##### Dataset excerpt #####

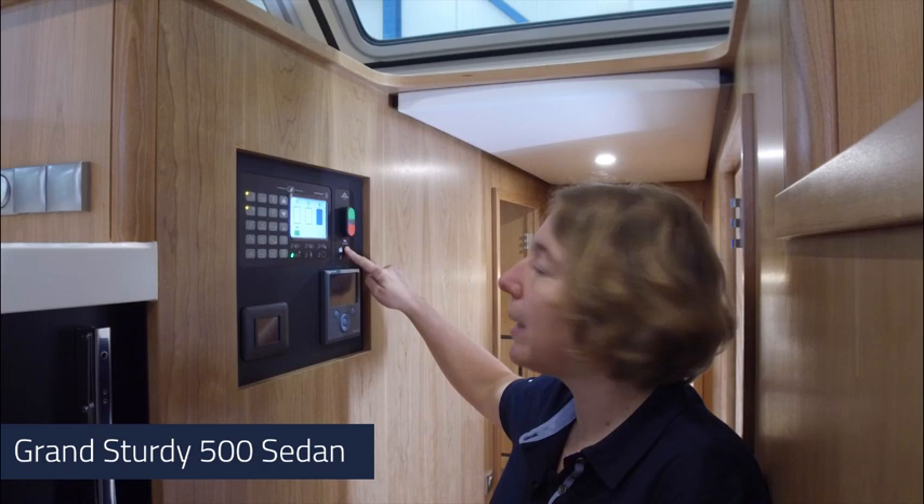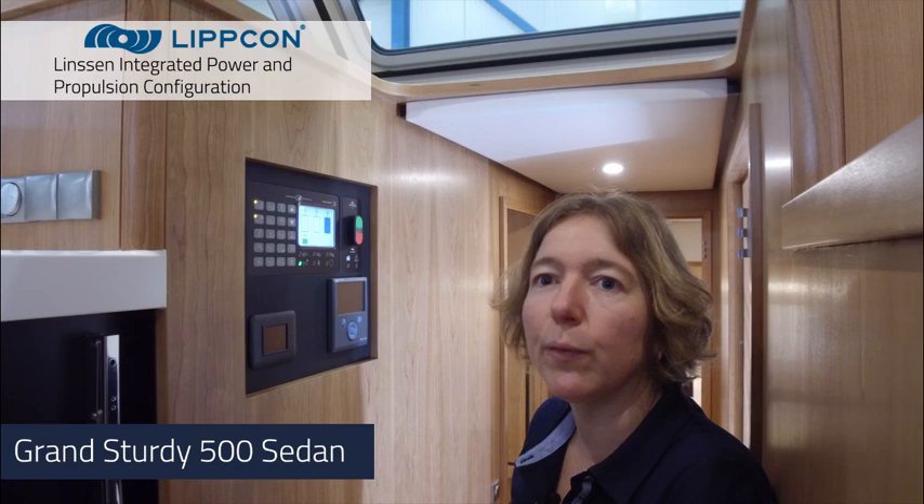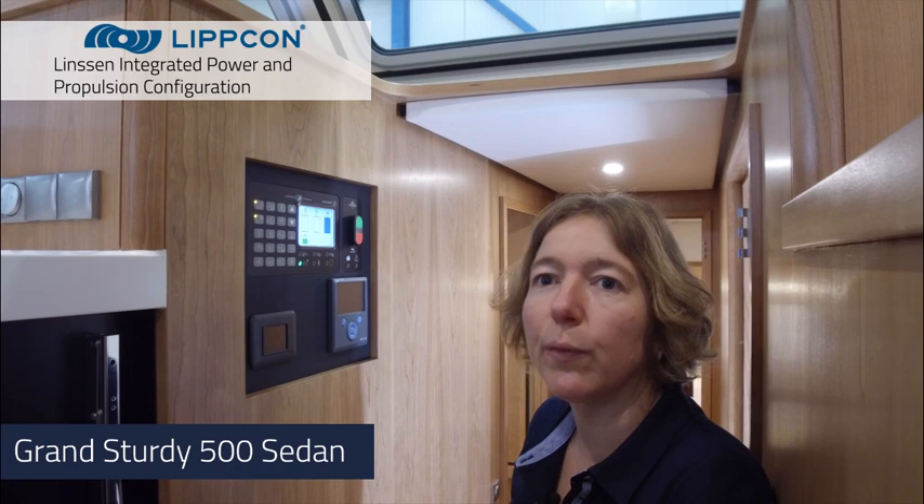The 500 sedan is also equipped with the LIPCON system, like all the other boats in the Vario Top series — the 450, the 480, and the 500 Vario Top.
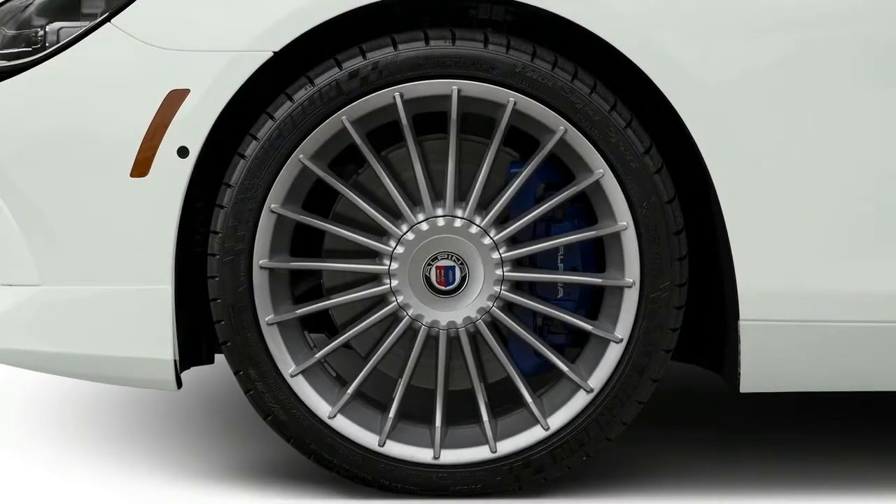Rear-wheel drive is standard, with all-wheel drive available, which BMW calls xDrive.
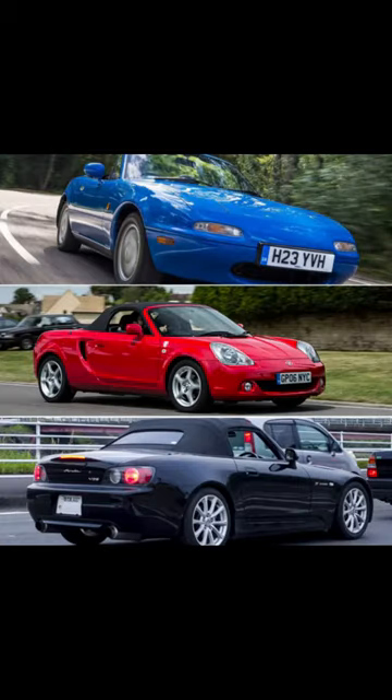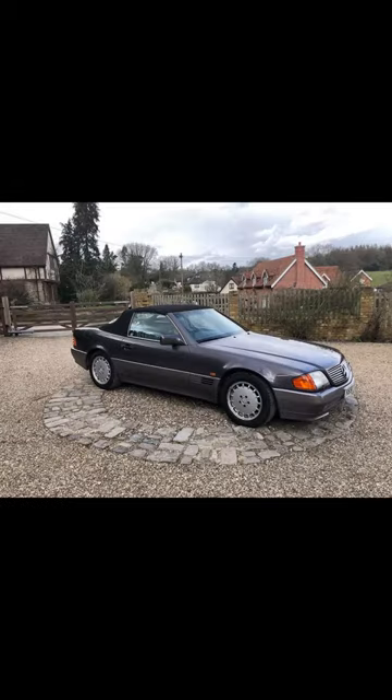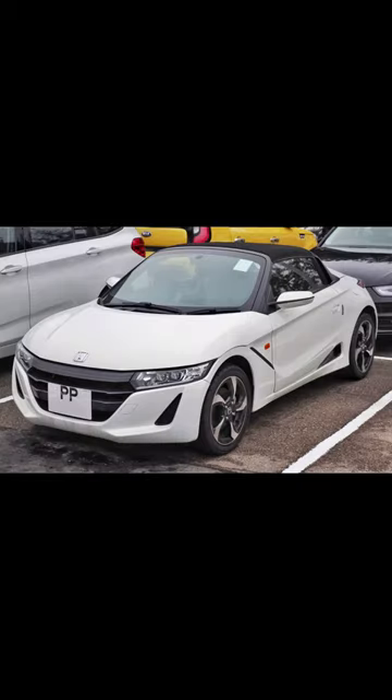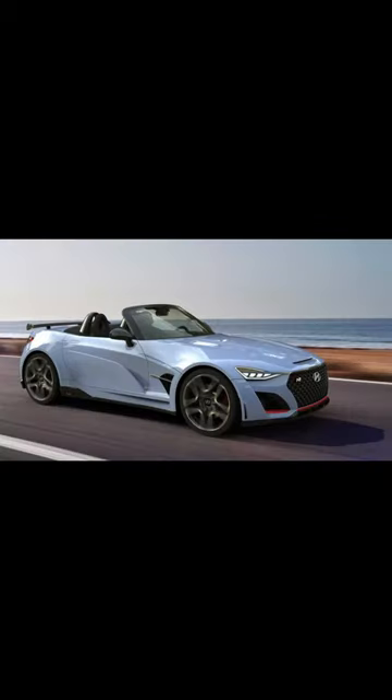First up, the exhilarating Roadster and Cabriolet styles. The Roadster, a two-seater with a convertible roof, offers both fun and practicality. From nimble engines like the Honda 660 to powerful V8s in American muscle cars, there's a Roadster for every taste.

#####

Reproduce only the lines from the first line of the listing above up to and including the line that holds "Rear-wheel drive is". Omit the pictures.

The 500 sedan is also equipped with the LIPCON system, like all the other boats in the Vario Top series — the 450, the 480, and the 500 Vario Top.
Rear-wheel drive is standard, with all-wheel drive available, which BMW calls xDrive.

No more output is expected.